Ciò che aveva era più di quanto sfoggiassero gran parte delle
altre, e
questo bastava:
oggi non basterebbe. Riguardando i nastri
di quel famoso Championship londinese di quindici anni fa, però, qualcosa
si capisce: Helena Sukova e Monica Seles, vittime di Zina sulla strada
della finale, giocavano meglio. Tiravano più forte. Facevano più
punti.
Il fatto è che, se le mettevi solo la testa sotto l’acqua, lei
tratteneva
il respiro e tornava a farsi sotto. La ceca finì per perdere la pazienza
e farsi prendere dalla paura di vincere, Monica si fece irretire da tanti
chop con rimbalzo atipico. Per non parlare di Steffi, angosciata dalle
squallide vicende extraconiugali di babbo Peter. Toccò a Martina
ristabilire
le gerarchie.
Dopo esserci attirati le antipatie di tutto
il movimento tennistico americano, sicché Zina lo rappresenta
ufficialmente
in qualità di capitano di Fed Cup, proviamo a riparare. La signora
Jackson,
tale perché sposò un uomo d’affari nei primi anni
’90, diede il nome
a una fondazione che si occupa di bambini orfani e di persone disagiate.
Un impegno vero e sentito, portato avanti per lunghi anni e ancora seguito
personalmente. La città di Houston, per le sue molteplici e generose
opere
benefiche,le ha intitolato un giorno dell’anno, il 12 aprile. Zina
perdette
i genitori in giovane età e, sull’esempio di Althea Gibson prima e
di
Arthur Ashe dopo, ebbe il notevole merito
di sdoganare il tennis dei neri: se oggi
nascono e crescono tanti giocatori afroamericani bisogna ringraziare anche
lei, che girava il mondo con disinvoltura quando ancora vigeva l’apartheid
e, diciamolo chiaro, quando certi Sudisti suoi compaesani speravano tanto
che venisse fuori un’altra Tracy Austin bionda ed eterea come Candy Candy.

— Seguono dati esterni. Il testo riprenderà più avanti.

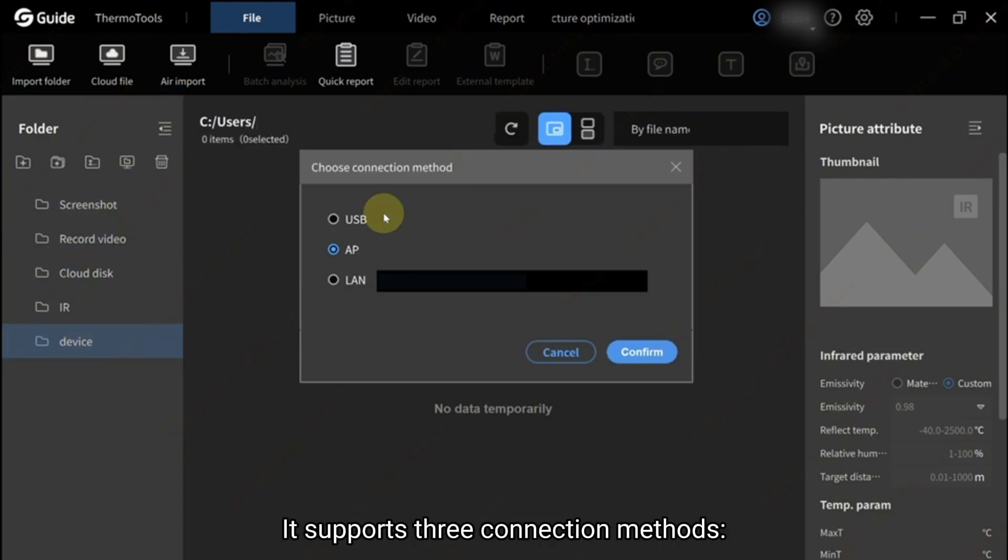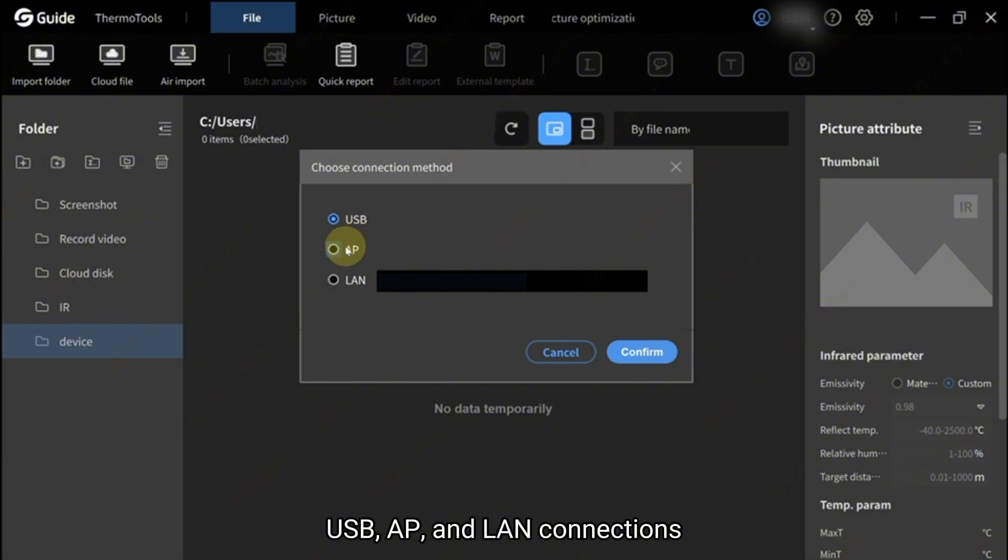It supports three connection methods: USB, AP, and LAN connections. Here we'll focus on LAN connections.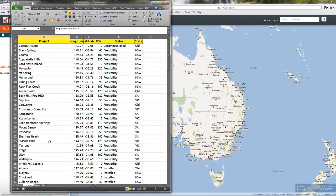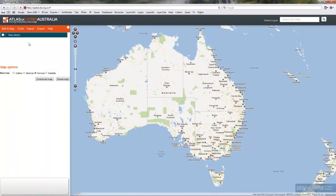In this case it's a list of all the proposed and implemented wind farms across Australia. We have the name, longitude, latitude, how many megawatts it puts out or is proposed to put out, and its status and state. So we have the three core pieces of information: one continuous variable on the megawatts, and two categorical variables — or what we would call contextuals — in the status and state or territory. To import those is quite simple.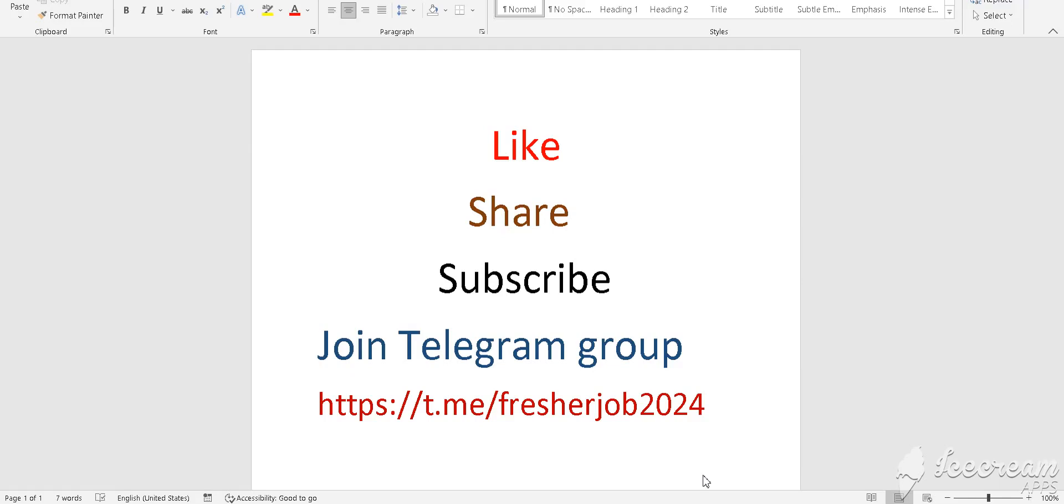This is Gautam Kumar. Today I am sharing some job updates with you. Before that, please like this video, share this video with your friends, and subscribe to my channel. If you need job updates, please join my Telegram group. The link is in the description box.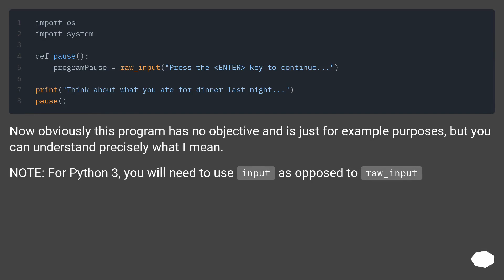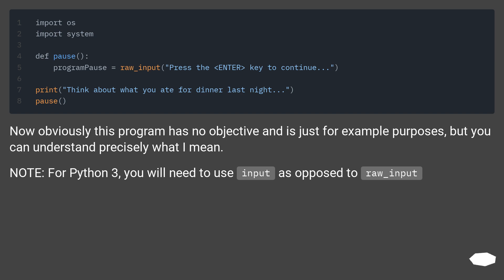Now obviously this program has no objective and is just for example purposes, but you can understand precisely what I mean. Note for Python 3, you will need to use input as opposed to raw_input.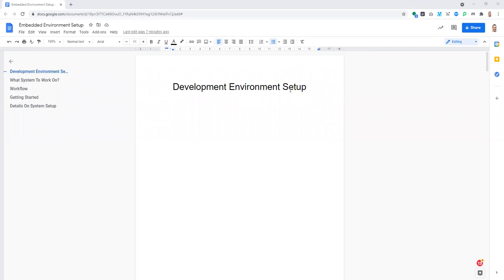Today's session is going to be around setting up the development environment. I've seen that a lot of people find there are a lot of different options for doing the development work, and today I want to show you a very simple way to set it all up and make sure you understand how things fit together. We'll look a little bit under the hood and at how we can assemble a development environment out of distinct tools.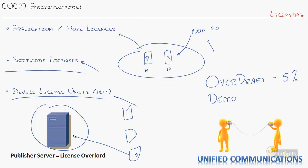So that should give you a good idea of how the licensing works with CUCM. I hope this has been informative for you and I'd like to thank you for viewing.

Non era facile portare il proprio nome a testa alta, quando si avvertiva
un vergognoso pregiudizio negli sguardi altrui. Per tutti questi motivi
Zina ha più che compensato il torto (che torto non è) di aver
vinto molto
più del dovuto.
Oggi però, pensionata, che non si dedichi
alle esibizioni! (Federico Ferrero)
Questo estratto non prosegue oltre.